IN THE TENTH COURT OF APPEALS

No. 10-09-00226-CR

JAMES W. HARMS, Appellant v.

THE STATE OF TEXAS, Appellee

From the 13th District Court Navarro County, Texas Trial Court No. 32197

MEMORANDUM OPINION

Appellant pled guilty to the offense of theft of property valued at less than $1,500

and enhanced by two prior theft convictions to a state jail felony. TEX. PENAL CODE

ANN. § 31.03(e)(4)(D) (West Supp. 2010). Appellant also pled true to two enhancement

paragraphs which alleged sequential, final felony convictions that occurred prior to his

current offense. These enhancement paragraphs made the case a second degree felony.

TEX. PENAL CODE ANN. § 12.42(a)(2) (West Supp. 2010).
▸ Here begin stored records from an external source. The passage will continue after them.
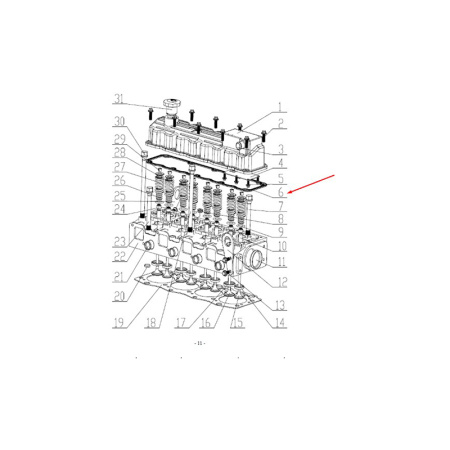 Прокладка клапанной крышки двигателя YUCHAI YCD4J22T-115 от интернет-магазина rossel.by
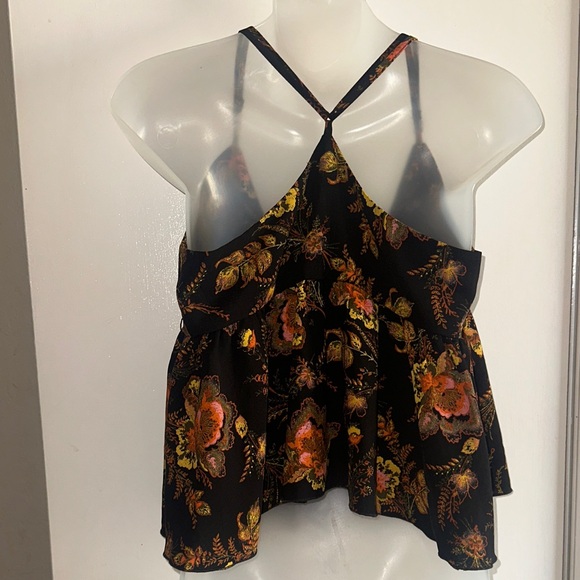 Urban Outfitters Black and Orange Floral Tie-Front Top - Picture 4 of 13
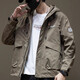 Jeep Spirit Jeep Jacke Herren Workwear High-End-Frühling und Herbst verdickte Jungen großgröße Baumwollkleidung Herren-Stil mit Kapuzenkleidung für Männer Fleece 1502-1 Militärgrün (verdickt) l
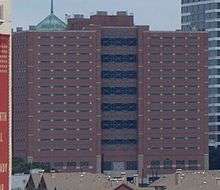 A red-brick building with few windows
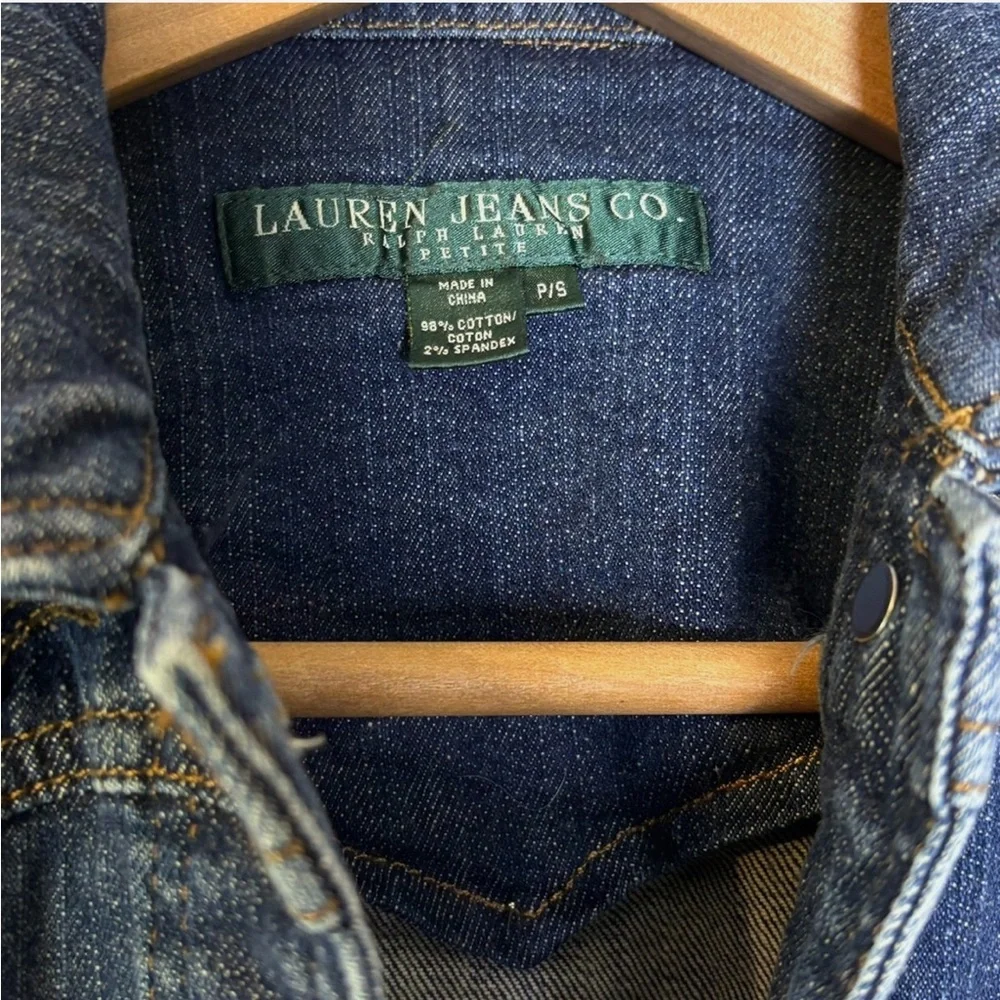 VTG Lauren Jeans Co. Ralph Lauren Jean Jacket Beaded Trucker Boho PS - Picture 7 of 7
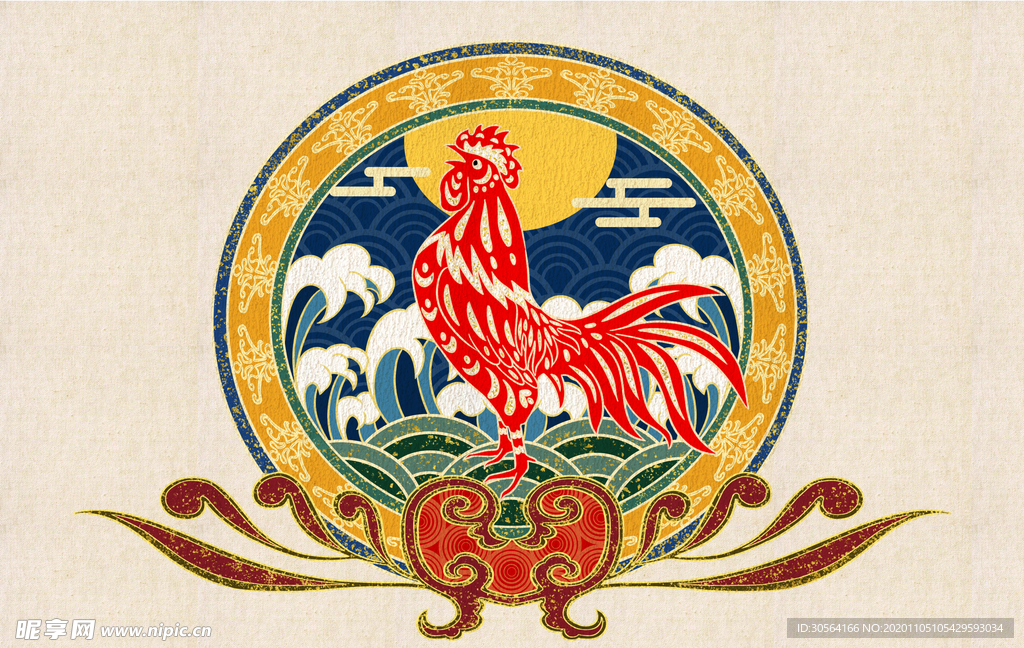 鸡年生肖复古插画背景海报素材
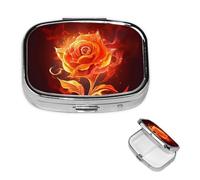 Flame Rose Square Metal Pill Box 2 Compartment Cute Travel Pill Organizer Case Portable Medicine Vitamin Organizer Pill Case for Women Men Travel Unique Gift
Appellant entered his pleas

without any agreement as to his sentence. After a hearing, the trial court found appellant guilty, found the enhancement paragraphs true and assessed appellant’s

punishment at 18 years in prison. Appellant appeals.

During the night of August 11, 2008, appellant drove a pickup truck to the back

of a business. He stole two light stands, a jack stand, a screw jack, a section of chain

wire mesh and some other items of scrap metal worth a total of between $50 and $1,500.

The owner of the business had been plagued by a rash of thefts. He had just installed a

video surveillance system on his property which captured the crime on video.

Appellant’s criminal history included the two prior theft convictions used to enhance

his conviction and the two burglary of a habitation convictions used to prove the two

enhancement paragraphs. Neither the voluntariness of appellant’s plea nor the

sufficiency of the evidence is challenged.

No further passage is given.